AIM OF THE EXERCISE: Exact copies of the lines from the one with "AS568-246 O-Ring –" through the last line of the entries, and no pictures, make up the answer.

Stored items:
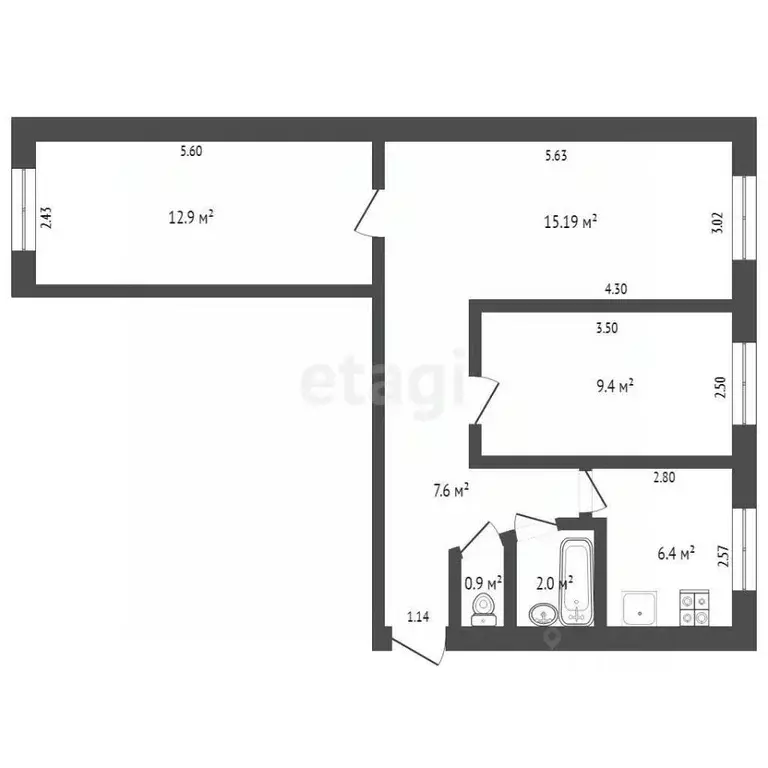 3-к кв. Хабаровский край, Комсомольск-на-Амуре ул. Калинина, 13К2 ... - Фото 1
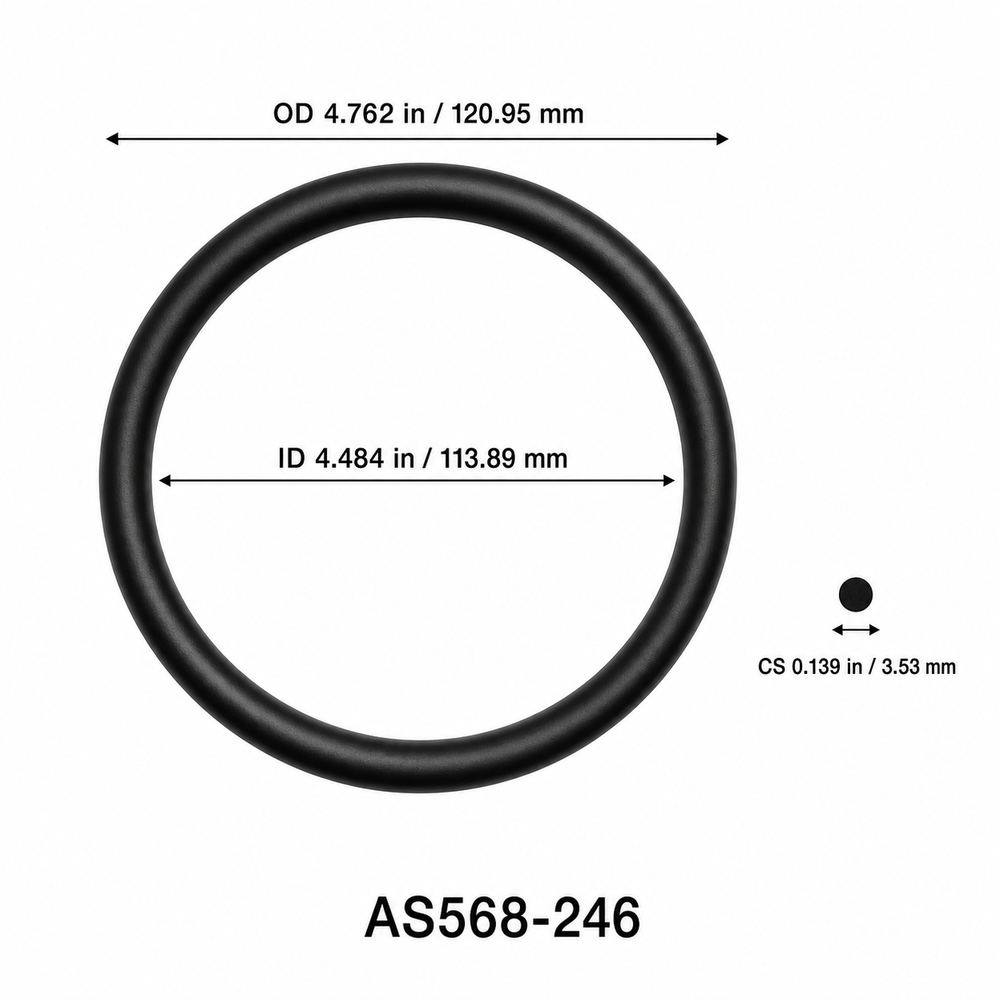 AS568-246 O-Ring – 4.484 in ID × 0.139 in CS – dimensional diagram showing ID, OD and cross-section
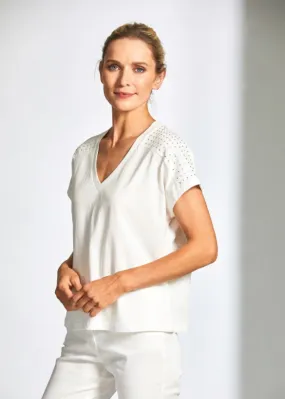 PERUZZI<BR>
Metallic Dot Shirt<BR>
White<BR>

ANSWER SECTION:
 AS568-246 O-Ring – 4.484 in ID × 0.139 in CS – dimensional diagram showing ID, OD and cross-section
 PERUZZI<BR>
Metallic Dot Shirt<BR>
White<BR>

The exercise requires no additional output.